Your reply should be made up of every line in the records below that holds the string "Comfortable".

- _Stored data_
== Segment start ==
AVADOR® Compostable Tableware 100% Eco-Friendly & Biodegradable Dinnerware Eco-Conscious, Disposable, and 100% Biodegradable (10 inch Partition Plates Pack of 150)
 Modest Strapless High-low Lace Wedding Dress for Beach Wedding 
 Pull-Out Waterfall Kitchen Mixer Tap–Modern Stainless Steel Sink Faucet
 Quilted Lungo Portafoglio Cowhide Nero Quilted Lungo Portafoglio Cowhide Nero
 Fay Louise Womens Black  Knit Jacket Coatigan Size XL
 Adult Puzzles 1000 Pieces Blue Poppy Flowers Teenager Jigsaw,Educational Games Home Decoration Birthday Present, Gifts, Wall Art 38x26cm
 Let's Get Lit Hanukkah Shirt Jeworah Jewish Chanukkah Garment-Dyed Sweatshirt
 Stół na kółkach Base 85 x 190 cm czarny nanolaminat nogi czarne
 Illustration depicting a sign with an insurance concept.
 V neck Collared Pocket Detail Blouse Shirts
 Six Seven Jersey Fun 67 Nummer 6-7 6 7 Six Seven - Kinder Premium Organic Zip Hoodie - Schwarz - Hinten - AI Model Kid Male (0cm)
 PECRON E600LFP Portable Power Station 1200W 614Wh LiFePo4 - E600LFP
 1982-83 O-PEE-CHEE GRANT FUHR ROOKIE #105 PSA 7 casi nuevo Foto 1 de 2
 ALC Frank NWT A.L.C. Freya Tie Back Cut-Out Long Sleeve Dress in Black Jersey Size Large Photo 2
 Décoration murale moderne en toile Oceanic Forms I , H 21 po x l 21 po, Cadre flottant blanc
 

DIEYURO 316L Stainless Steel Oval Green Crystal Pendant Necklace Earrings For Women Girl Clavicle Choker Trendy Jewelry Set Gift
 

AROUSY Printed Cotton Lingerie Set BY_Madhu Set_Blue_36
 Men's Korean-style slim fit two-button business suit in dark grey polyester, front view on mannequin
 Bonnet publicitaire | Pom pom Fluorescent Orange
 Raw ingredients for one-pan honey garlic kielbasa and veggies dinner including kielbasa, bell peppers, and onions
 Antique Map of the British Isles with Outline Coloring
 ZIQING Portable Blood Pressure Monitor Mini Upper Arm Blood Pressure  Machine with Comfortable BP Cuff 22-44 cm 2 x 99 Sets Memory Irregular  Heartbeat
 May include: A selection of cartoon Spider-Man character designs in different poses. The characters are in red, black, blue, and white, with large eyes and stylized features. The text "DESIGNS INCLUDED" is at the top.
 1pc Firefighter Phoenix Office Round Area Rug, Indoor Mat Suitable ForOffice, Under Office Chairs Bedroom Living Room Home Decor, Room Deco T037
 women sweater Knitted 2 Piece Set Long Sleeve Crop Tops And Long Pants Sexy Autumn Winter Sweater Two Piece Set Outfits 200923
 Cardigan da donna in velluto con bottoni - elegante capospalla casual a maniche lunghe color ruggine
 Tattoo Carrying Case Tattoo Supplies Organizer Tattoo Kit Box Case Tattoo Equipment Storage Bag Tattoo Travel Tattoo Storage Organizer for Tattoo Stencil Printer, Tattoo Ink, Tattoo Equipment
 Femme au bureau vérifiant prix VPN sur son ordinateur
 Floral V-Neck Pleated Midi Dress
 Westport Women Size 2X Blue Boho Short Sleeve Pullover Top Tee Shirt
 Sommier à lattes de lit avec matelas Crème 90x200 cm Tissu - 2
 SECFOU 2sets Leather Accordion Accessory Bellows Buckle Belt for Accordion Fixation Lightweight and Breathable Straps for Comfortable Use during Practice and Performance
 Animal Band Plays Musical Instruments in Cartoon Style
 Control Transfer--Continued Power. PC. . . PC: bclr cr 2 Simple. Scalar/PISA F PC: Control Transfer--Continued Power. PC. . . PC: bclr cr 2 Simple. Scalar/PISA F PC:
== Segment end ==
- _YOUR RESPONSE_
 ZIQING Portable Blood Pressure Monitor Mini Upper Arm Blood Pressure  Machine with Comfortable BP Cuff 22-44 cm 2 x 99 Sets Memory Irregular  Heartbeat
 SECFOU 2sets Leather Accordion Accessory Bellows Buckle Belt for Accordion Fixation Lightweight and Breathable Straps for Comfortable Use during Practice and Performance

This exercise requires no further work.